Sweden needs to increase its electricity production significantly by 2050 to secure the electrification of society and industry. However, in addition to increasing production, improved efficiency, better decision-making and a willingness to consider the whole rather than the parts can also play key roles.
If Sweden is to achieve its climate goals, the process industry needs to transition from fossil fuels and raw materials to electricity. A great deal of electricity. Add to this the electrification of vehicles, and any number of other energy-intensive operations such as server farms, and the increase in electricity consumption over the next thirty years will be marked. An annual increase of about 6–8 terawatt hours, the equivalent of 300,000 electrically heated house, will be required each year. But where is all this electricity to come from?
– “There’s no answer to that question, no either/or,” says Caroline Haglund Stignor, Head of Robust and Flexible Energy System at RISE.

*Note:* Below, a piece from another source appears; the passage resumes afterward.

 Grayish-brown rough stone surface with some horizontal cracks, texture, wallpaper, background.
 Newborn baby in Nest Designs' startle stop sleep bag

– “It’s a matter of different perspectives: what we can do in the short term, and what we can do in the longer term with the aid of new technology.”
In the short term: onshore wind and solar power
In the here and now, the next decade, onshore wind and solar power is one of the easiest ways to expand electricity production, both rapidly and at relatively low cost. Moreover, solar power can be built close to consumers, on city rooftops.
– “Onshore wind power will play a key role over the next decade. In the longer term, say 10–20 years, offshore wind power is most likely the best bet, but it takes longer to get in place,” says Caroline Haglund Stignor.
Interplay between different types of power
Solar power and wind power have the advantage of complementing each other in that the sun often shines when the wind is calm and vice versa. But we also need other energy sources.
– “Historically, we’ve considered energy to be freely available, something that is just there, one energy source at a time,” says Stefan Ivarsson, Unit Manager Renewable Energy at RISE.
– “But that isn’t enough. We need to replace that approach with one in which we consider both energy and power, a system approach encompassing the entire energy sector, for better interplay between the different types of power. We can’t just say solar or nuclear or wind, because then we lose the interaction. Different types of power have different advantages, and we need to create a system in which all the parts work together as a whole.”
One example is a study showing that hydropower has great potential to act as a power regulator for solar and wind power, but such a scenario requires hydropower plant modifications that are yet to be made.
– “Other interesting possibilities include energy storage in the form of hydrogen gas in caverns, or heat storage in the bedrock. The important thing is that we consider how the entire energy system can interact,” says Stefan Ivarsson.
We can also benefit a great deal from optimisation
New construction not the only solution
However, neither new construction in the shape of new energy sources nor upgrades to existing plants alone can solve this.
– “We can also benefit a great deal from optimisation, which mustn’t be forgotten in the debate,” says Malin Unger, a project manager at RISE.
– “It won’t be enough alone, but there are great socioeconomic benefits to be gained from not moving too fast but first assessing where we can rethink things and what we can optimise.”
Moreover, she encourages reflection for other reasons too.
– “While we need to expand production, if we expand too fast, we risk compromising quality as well as neglecting the necessary system and life cycle approach. Neither the public nor the private sector will have time. RISE can be an important partner here, in part because of our breadth and expertise, and in part by means of impartial quality control. We can act as a partner that gathers stakeholders and helps them to find common ground for moving forward.”